[Opening Source data section]
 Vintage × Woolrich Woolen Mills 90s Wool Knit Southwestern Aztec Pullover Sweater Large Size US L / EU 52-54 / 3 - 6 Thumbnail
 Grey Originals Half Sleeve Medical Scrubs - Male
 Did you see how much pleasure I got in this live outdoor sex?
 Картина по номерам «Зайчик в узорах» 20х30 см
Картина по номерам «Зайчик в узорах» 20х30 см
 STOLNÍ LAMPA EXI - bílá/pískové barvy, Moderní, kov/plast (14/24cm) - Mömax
[Closing Source data section]
[Opening Source data section]
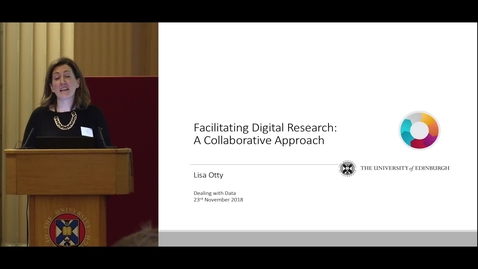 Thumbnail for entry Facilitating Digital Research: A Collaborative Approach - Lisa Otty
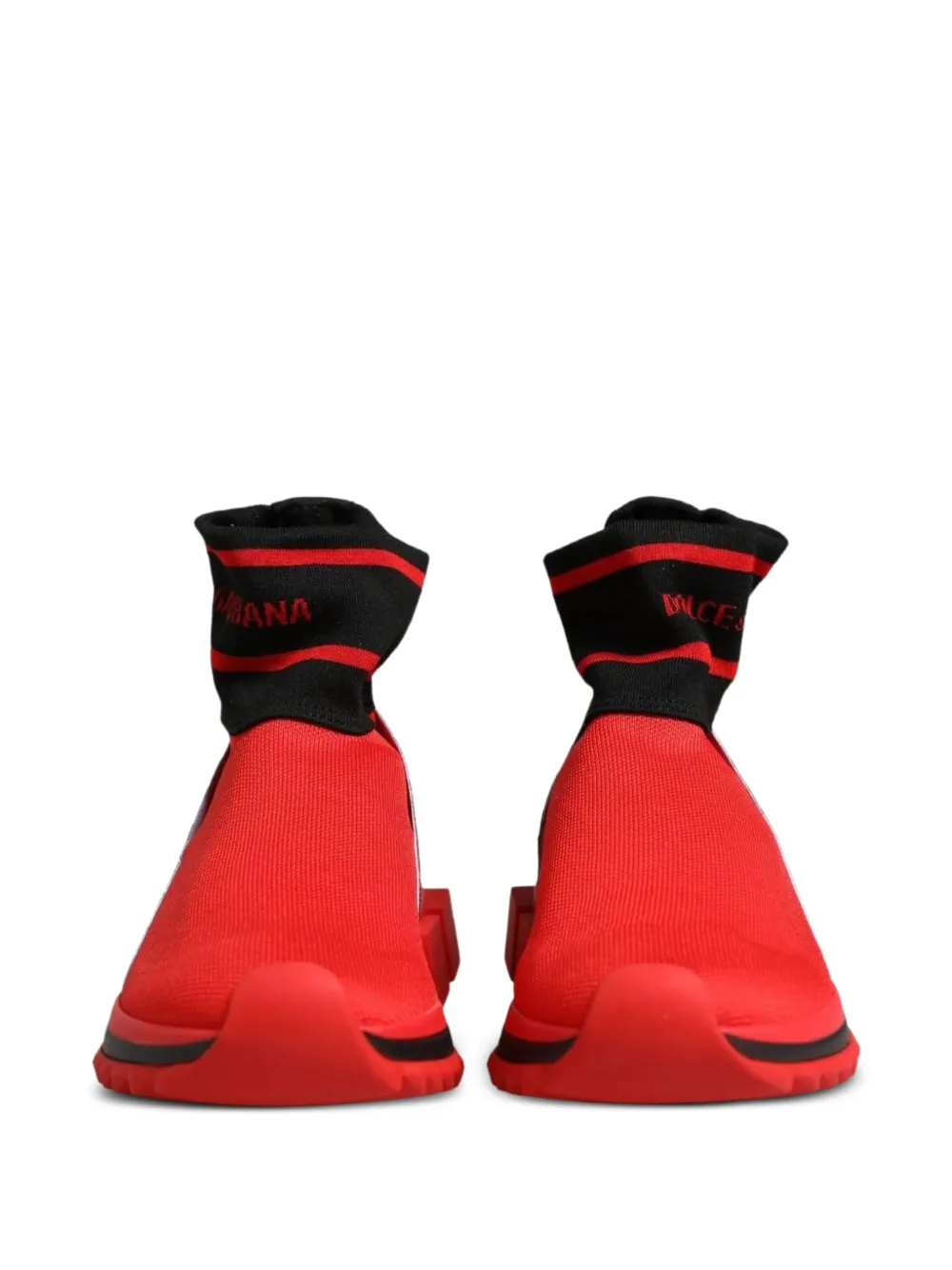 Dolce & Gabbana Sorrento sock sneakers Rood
[Closing Source data section]
### What the task asks
In the listing above, find the line with "Grey Originals Half" and the line with "STOLNÍ LAMPA EXI", then print exactly those two lines and every line between them, and nothing more.

### Expected answer
 Grey Originals Half Sleeve Medical Scrubs - Male
 Did you see how much pleasure I got in this live outdoor sex?
 Картина по номерам «Зайчик в узорах» 20х30 см
Картина по номерам «Зайчик в узорах» 20х30 см
 STOLNÍ LAMPA EXI - bílá/pískové barvy, Moderní, kov/plast (14/24cm) - Mömax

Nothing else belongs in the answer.